“Swish Chalet”: that was the headline for an article written by Ros Byam Shaw for The World of Interiors featuring a chalet in Klosters, Switzerland, designed by the jet-set’s favorite go-to decorator, Nicky Haslam. At a loss for a title more aptly suited, witty, or clever, this play on words stuck.
Colefax & Fowler’s “Ebury” chintz was reprinted for The Green Room, above. The sofa is covered in Russian mattress ticking; the late 19th-century painting of a mother and her children features a painted Arts & Crafts sideboard, a copy of which sits along the opposite wall.
Haslam’s client, a banker, purchased a 1950’s hacienda (as strange as that sounds in the Swiss Alps) and was convinced by Haslam to tear it down and build a traditional Swiss chalet decked out with luxurious, witty flair. It’s a nod to those chalets of yore favored by legitimate royals, such as the Rothchilds’, Windsor’s, and Grimaldi’s, and those self-appointed royals, such as the Onasis’ and Kennedy’s. A mix of both humble and sumptuous materials, rich fabrics and color palettes, cosseting upholstery, elegant antiques with impressive provenance, whimsically painted custom furniture, and timeless European Old World glamour inform rooms at once rustic and sophisticated. If one thing is certain, for the fortunate few who are invited as guests here, it’s that hitting the piste reins second to après–ski, chez the chalet that Haslam built.
The front door opens to an entrance hall that runs the length of the chalet. Haslam purposely had the plasterers do “a bad job” to make the plasterwork appear like packed snow formed by hand.
A view toward the opposite end of the entrance hall features a round table draped in a scallop-edged tablecloth encrusted with beads and sequins and looped with ermine tippets over an undercloth of embossed Tudor velvet. The glamorous white ceramic Austrian stove is surrounded by a wrap-around bench draped with sheepskin. At the windows hang a pair of 17th-century tapestries which Haslam had cut in half and appliqued onto a pair of thick linen curtains.
An 18th-century German verre églomisé mirror hangs above a painted hall table flanked by side chairs with monogrammed slip-covers in the entrance hall.
Another view of The Green Room toward the entrance hall features a pair of custom green-painted recessed cabinets designed by NH Design.
The salon viewed through a wooden door surround originating from an Austrian schloss is simply elegant, with a dash of witticism in the form of a flamboyant plaster bust.

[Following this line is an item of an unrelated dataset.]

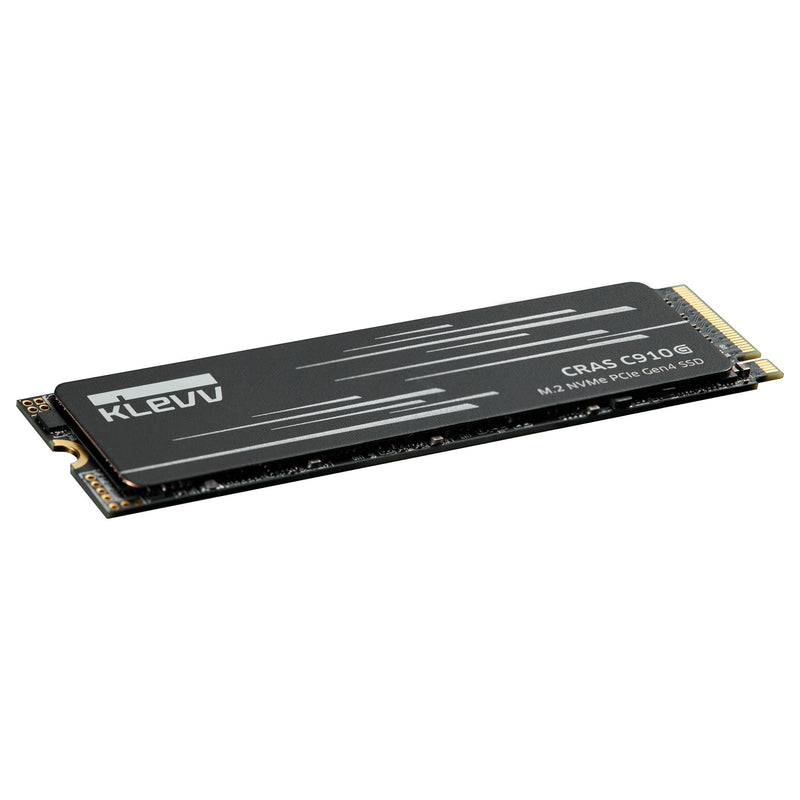 Afbeelding laden in galerijviewer, Klevv cras c910g 4 tb ssd (zwart, k04tbm2sp0-10g, pcie gen 4.0 x4, nvme 2.0)
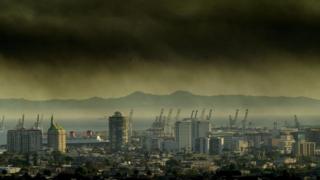 Contaminación del aire en California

An 18th-century Italian stone chimney piece dominates the other end of the salon, crowned by a carved wood overdoor painted to look like plaster. Here, luxurious silk velvet for upholstery meets humble pine paneling for the walls and ceiling. A stylized decorative pattern painted by Paul and Chris Czainski adorns the fireplace wall.
The Swiss chalet architectural vernacular is most on display here, in the first floor stair hall, where pristine and simple hand plastered walls meet pine, antique stone floors, and painted shutters.
The sinuous staircase features lanterns copied by NH Designs from antiques.
The cloakroom features a monumental stone washbasin, above which hangs a Georgian mahogany mirror painted white.
A whimsically painted headboard rests against walls covered in “Abre Indien Violet” from Claremont, an archive fabric specially created for NH Design. The wardrobe is early 19th-century Austrian.
The twin beds in the guest room were specially commissioned and decorated by a Spanish painter. The walls are covered with “Iran Rose 2” fabric from Claremont.
An alternate view of the same guest room features a custom painted wardrobe in Prussian blue.
The rustic bathroom is enlivened by walls covered with antique Russian manganese tiles and a gleaming West One Bathrooms bathtub.
The glamorous rococo-style headboard in the main bedroom was copied from one in a photograph of Haslam’s godmother, Iris Origo, in a Roman palazzo, and is covered with “Armure Cannele Mole” by Claremont. The Italian 18th-century wardrobe is flanked by a pair of capriccio landscapes which once belonged to Frederick the Great. Nothing says “royal retreat” like a fur throw. As decadent and glorious real fur would be, I hope this is a rather good imitation.
The terrace off the main salon is designed in pure Swiss style, affording views over Klosters.